Florent GIMBERT, IGE
Scientific coordinator of RESOLVE-Argentière, Research scientist CNRS
Florent Gimbert is interested in the mechanics of various Earth’s surface processes associated with ice, rock and water dynamics. He develops innovative observational and theoretical frameworks that allow making use of geophysical (mainly seismic) methods to infer key physical properties related to Glacier flow (basal sliding, internal ice deformation), open and confined channel flows (rivers, subglacial channels and associated sediment transport) and sea-ice drift. Florent is also interested in studying more fundamental aspects of granular-like transport as well as fracturation processes in mono- and multi-phasic flows using simple experimental and numerical experiments.

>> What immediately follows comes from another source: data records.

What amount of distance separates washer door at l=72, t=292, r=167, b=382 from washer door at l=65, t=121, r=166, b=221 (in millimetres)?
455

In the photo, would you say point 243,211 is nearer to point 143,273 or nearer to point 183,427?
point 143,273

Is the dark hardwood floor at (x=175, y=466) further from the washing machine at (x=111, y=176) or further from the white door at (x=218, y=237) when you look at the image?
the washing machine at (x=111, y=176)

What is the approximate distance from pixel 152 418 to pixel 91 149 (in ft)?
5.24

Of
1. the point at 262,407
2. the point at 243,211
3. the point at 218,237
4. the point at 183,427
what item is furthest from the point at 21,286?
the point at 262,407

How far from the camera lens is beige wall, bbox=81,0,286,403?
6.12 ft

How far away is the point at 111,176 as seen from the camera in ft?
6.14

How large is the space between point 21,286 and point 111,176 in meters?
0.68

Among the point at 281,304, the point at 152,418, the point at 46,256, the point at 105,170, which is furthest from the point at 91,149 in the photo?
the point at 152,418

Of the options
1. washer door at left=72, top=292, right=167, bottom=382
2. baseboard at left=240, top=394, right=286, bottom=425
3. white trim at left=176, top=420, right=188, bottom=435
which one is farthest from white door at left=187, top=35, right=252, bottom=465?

Florent acquired an initial background in Mathematics as an undergrad, and then studied Earth and Climate sciences as a master student at ENS Paris, France. He then completed a Ph.D. in mechanics applied to Earth systems supervised by Jérôme Weiss and David Amitrano at the ISTerre Laboratory of Grenoble, France, which he defended in November 2012. Florent then moved to the Caltech Seismolab (USA) for a 3-year postdoc (2013-2015) working mainly with Victor Tsai and Michael Lamb, before conducting a second 9 months postdoc (2016) in the Geomorphology group of Niels Hovius at the GFZ-Postdam (Germany). In June 2016 Florent was hired as a research scientist at CNRS (French National Research Centre) to work at the IGE (Environmental Geoscience Institute) laboratory in the University of Grenoble. In this context, Florent leads field instrumentation and modelling projects related to glacier and river dynamics, with the emphasis of designing innovative observational frameworks to unravel new physics at the field scale and test physically-based models.